Perceptron

Print Cheatsheet

Perceptron Bias Term

The bias term is an adjustable, numerical term added to a perceptron’s weighted sum of inputs and weights that can increase classification model accuracy.

The addition of the bias term is helpful because it serves as another model parameter (in addition to weights) that can be tuned to make the model’s performance on training data as good as possible.

The default input value for the bias weight is 1 and the weight value is adjustable.

weighted_sum = x1*w1 + x2*w2 + x3*w3 + 1*wbias

Perceptrons as Linear Classifiers

At the end of successful training, a perceptron is able to create a linear classifier between data samples (also called features). It finds this decision boundary by using the linear combination (or weighted sum) of all of the features. The perceptron separates the training data set into two distinct sets of features, bounded by the linear classifier.

The main goal of a perceptron is to make accurate classifications. To train a model to do this, perceptron weights must be optimizing for any specific classification task at hand.

The best weight values can be chosen by training a perceptron on labeled training data that assigns an appropriate label to each data sample (feature). This data is compared to the outputs of the perceptron and weight adjustments are made. Once this is done, a better classification model is created!

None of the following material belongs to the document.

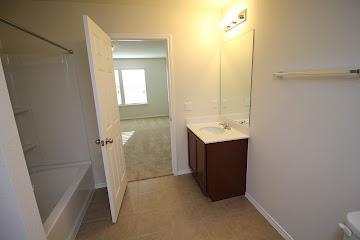 Building Photo - 9001 Tall Sky Trc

training_set = {(18, 49): -1, (2, 17): 1, (24, 35): -1, (14, 26): 1, (17, 34): -1}

Perceptron Weighted Sum

The first step in the perceptron classification process is calculating the weighted sum of the perceptron’s inputs and weights.

To do this, multiply each input value by its respective weight and then add all of these products together. This sum gives an appropriate representation of the inputs based on their importance.

inputs = [x1,x2,x3]
weights = [w1,w2,w3]
weighted_sum = x1*w1 + x2*w2 + x3*w3

Optimizing Perceptron Weights

To increase the accuracy of a perceptron’s classifications, its weights need to be slightly adjusted in the direction of a decreasing training error. This will eventually lead to minimized training error and therefore optimized weight values.

Each weight is appropriately updated with this formula:

$weight = weight + (error * input)$

Introduction to Perceptrons

Perceptrons are the building blocks of neural networks. They are artificial models of biological neurons that simulate the task of decision-making. Perceptrons aim to solve binary classification problems given their input.

The basis of the idea of the perceptron is rooted in the words perception (the ability to sense something) and neurons (nerve cells in the human brain that turn sensory input into meaningful information).

Perceptron Activation Functions

The second step of the perceptron classification process involves an activation function. One of these special functions is applied to the weighted sum of inputs and weights to constrain perceptron output to a value in a certain range, depending on the problem.

Some example ranges are [0,1], [-1,1], [0,100].

The sign activation function is a common activation function that contains the perceptron output to be either 1 or -1:

• If weighted sum > 0, return 1.
• If weighted sum < 0, return -1.

Perceptron Training Error

Training error is the measure of how accurate a perceptron’s classification is for a specific training data sample. It essentially measures “how bad” the perceptron is performing and helps determine what adjustments need to be made to the weights of that sample to increase classification accuracy.

$training_error = actual_label - predicted_label$

The goal of a perceptron is to have a training error of 0; this indicates that a perceptron is performing well on a data sample.

Actual Label Predicted Label Training Error
+1 +1 0
+1 -1 2
-1 -1 0
-1 +1 -2

Perceptron Main Components

Perceptrons use three main components for classification:

• Input: Numerical input values correspond to features. i.e. [22, 130] could represent a person’s age & weight features.

• Weights: Each feature has a weight assigned; this determines the feature’s importance. i.e. In a class, homework might be weighted 30%, but a final exam 50%. Therefore the final is more important to the overall grade (output).

• Output: This is computed using inputs and weights. Output is either binary (1,0) or a value in a continuous range (70-90).